The mayor of a lakeside Oregon town is worried that a plan to lower the risk of a large earthquake causing the nearby dam to fail will hurt its tourist industry.
The U.S. Army Corps of Engineers, which has determined that a large earthquake could cause the spillway gates of the Detroit Dam to buckle, resulting in massive flooding, has announced it will try to minimize the danger by reducing the maximum height of the lake by five feet starting in April.
The nearby town of Detroit, Oregon, was heavily damaged by a wildfire last year. It depends on visitors coming to enjoy the lake to help revive the economy. The mitigation measure could affect boat ramp access to the lake.
“Unfortunately, five feet is huge for us,” Detroit Mayor Jim Trett told the Salem Statesman Journal. “We’re disappointed. This is a critical year for us to get people back up here.”

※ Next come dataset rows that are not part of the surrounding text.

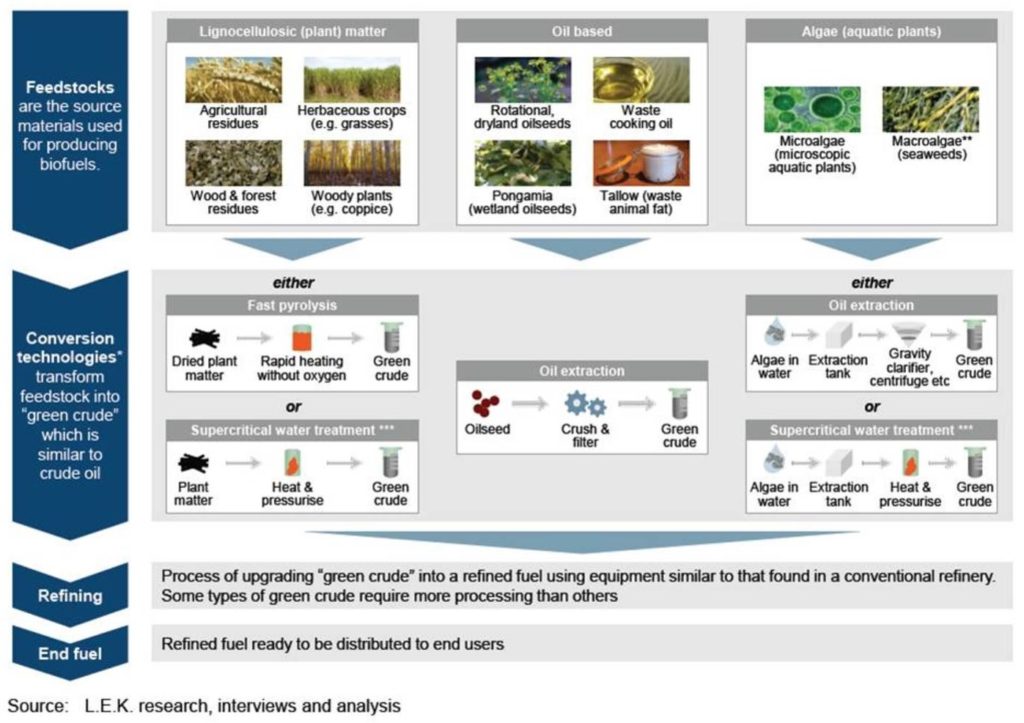 biofuel creation process chart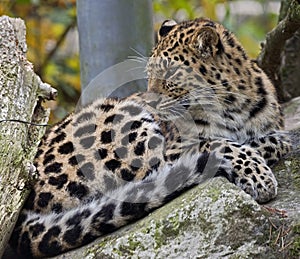 Amur leopard 13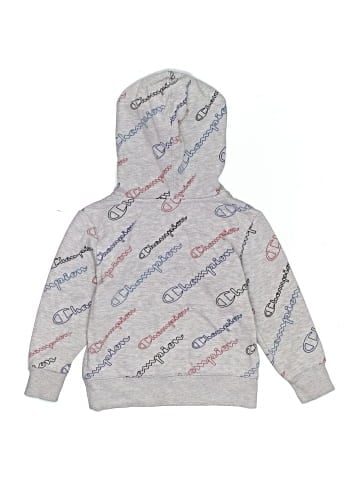 Champion Pullover Hoodie (view 2)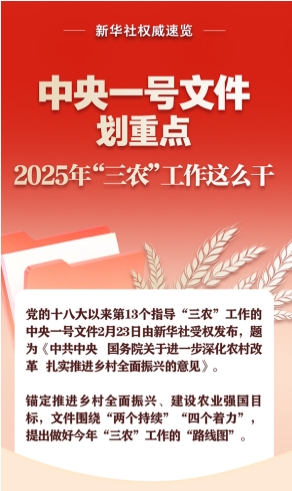新华社权威速览｜中央一号文件划重点，2025年“三农”工作这么干
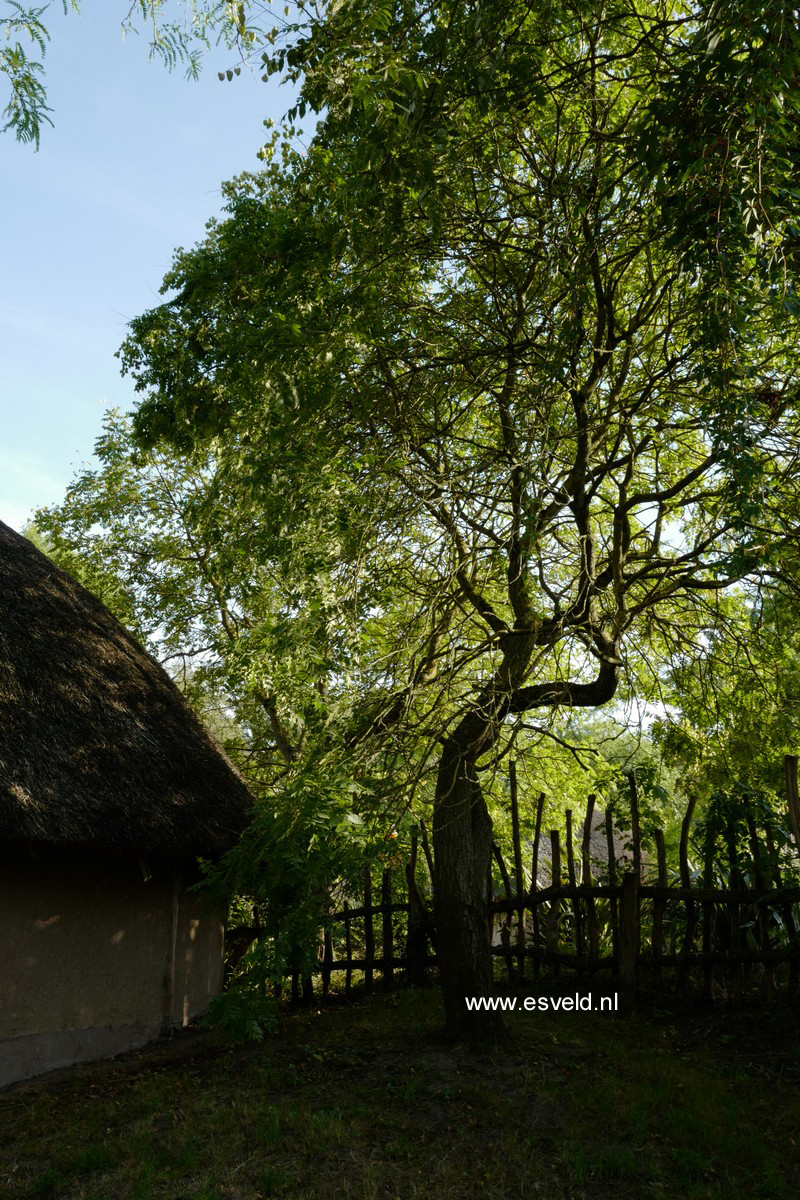 Koelreuteria paniculata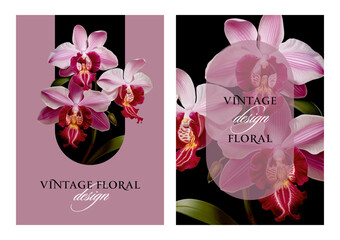 Vintage vector illustration with orchid flowers on a changeable background. Floral design template for wedding invitation, greeting card, notebook cover, flyer or certificate.   © Anna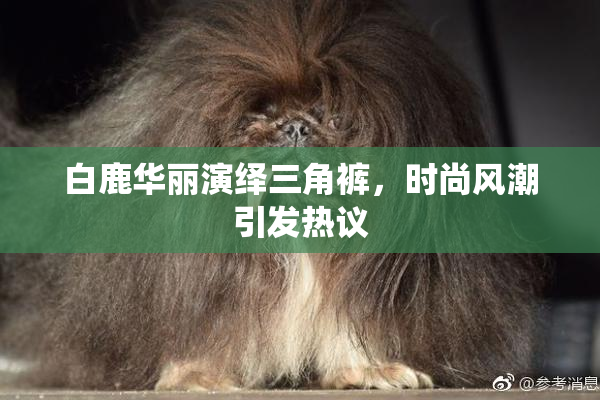 白鹿华丽演绎三角裤，时尚风潮引发热议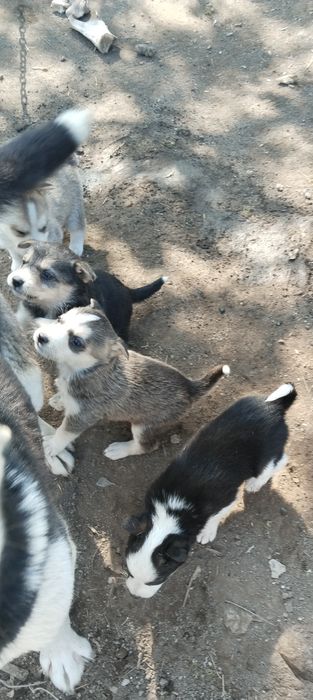 Щенки, мальчики и девочки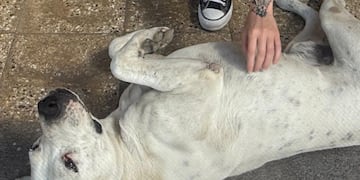 Puchi, el héroe de cuatro patas en Malagueño.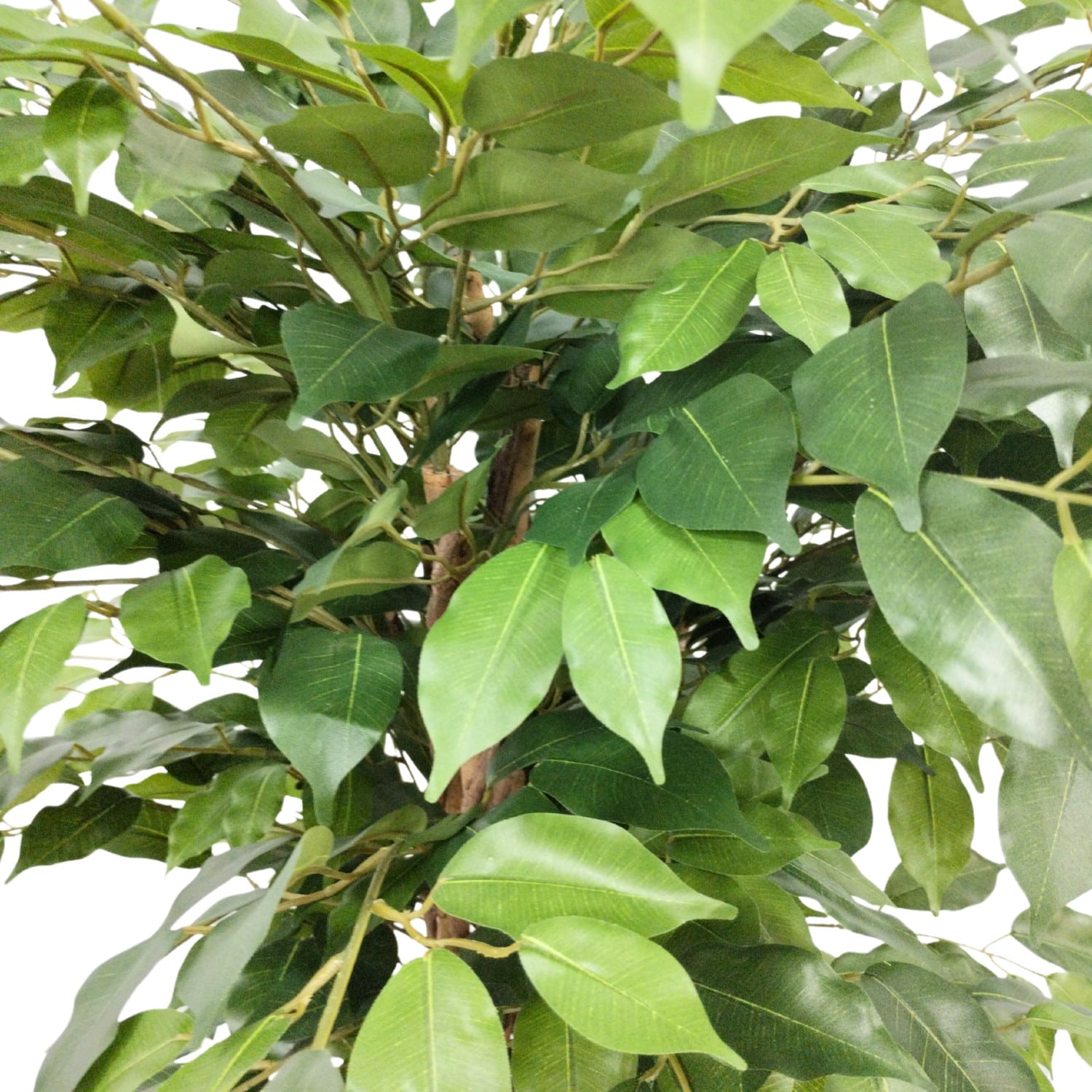 https://www.unicesped.com/wp-content/uploads/2025/12/Hojas-Ficus-Eco.jpg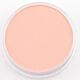 PanPastel Red Iron Oxide Tint 380.8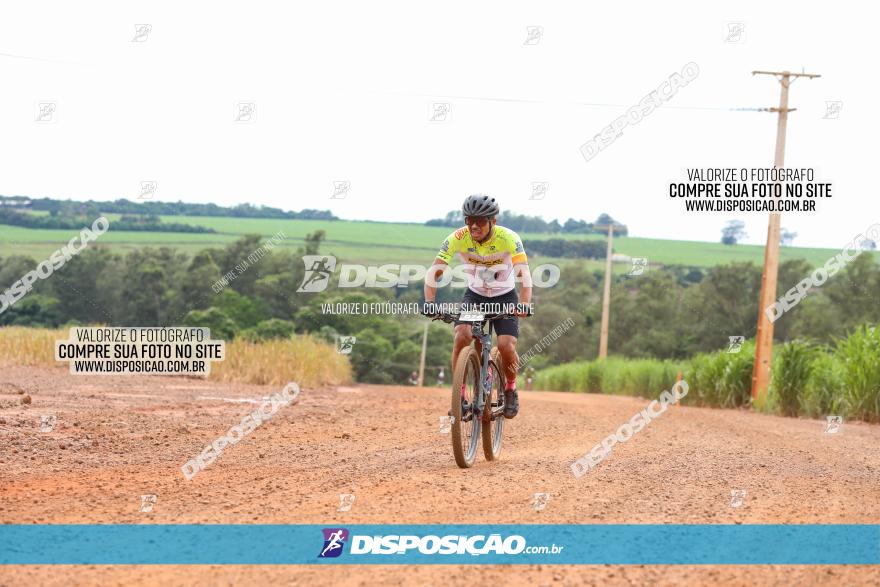 1ª EDIÇÃO DESAFIO ABELHA GRANDE - XCM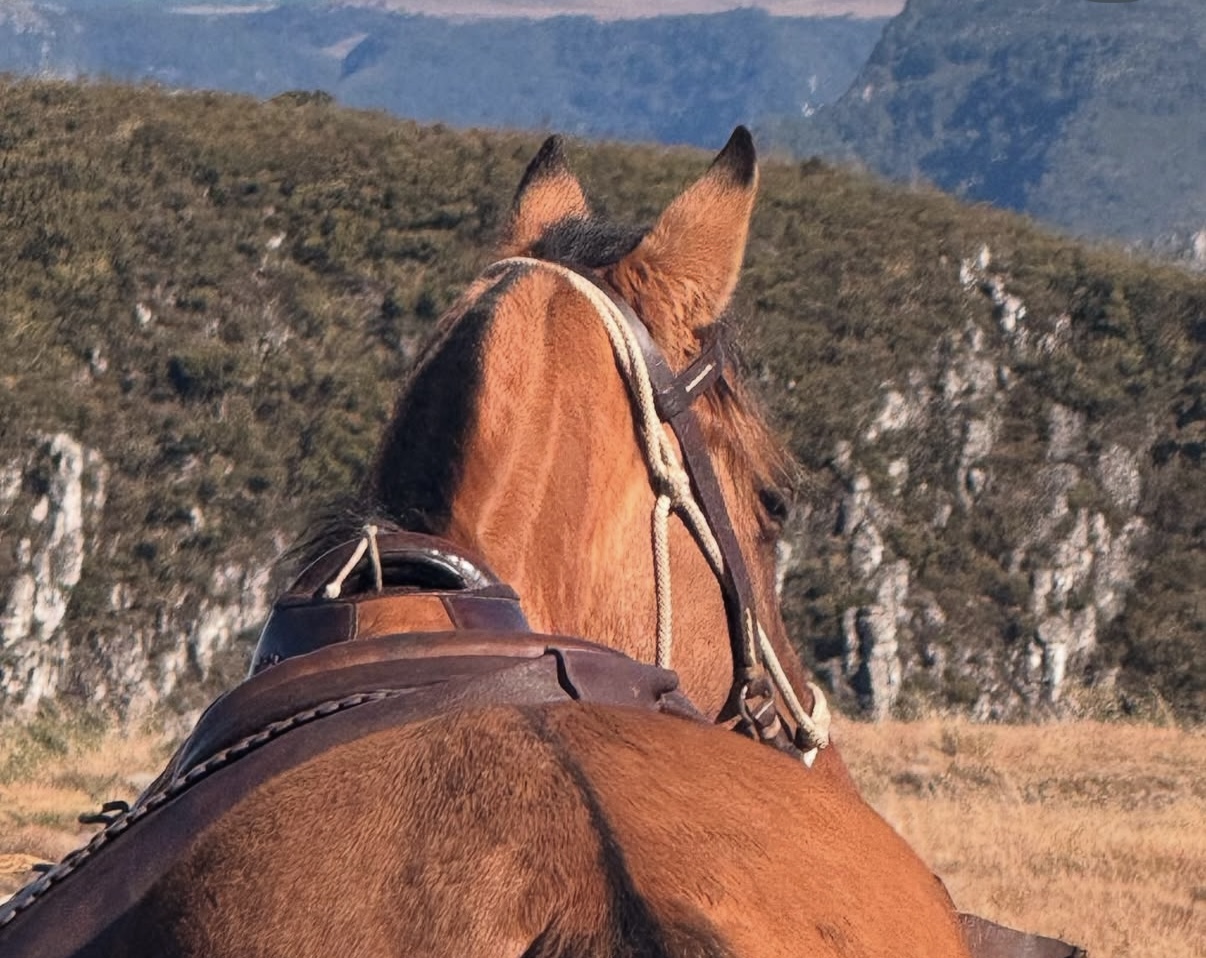 Brown horse looking at the view from on top a mountain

Impacts on boat ramps will depend on weather conditions, with availability likely reduced by less than one week in some years to up to 20 days in others, the Corps said. One ramp could possibly be out of commission for up to a month.
“The availability of marinas and boat ramps located in the higher portions of the reservoir will be reduced by zero to 19 days,” said Corps spokesman Edward “Tom” Conning. “In 50% of years modeled, boat ramp availability for seven of the nine boat ramps are likely to be reduced by less than one week.”
The Corps said it continues to evaluate the seismic performance of the spillway and other components of the dam to determine if long-term modifications or changes to operations will be necessary.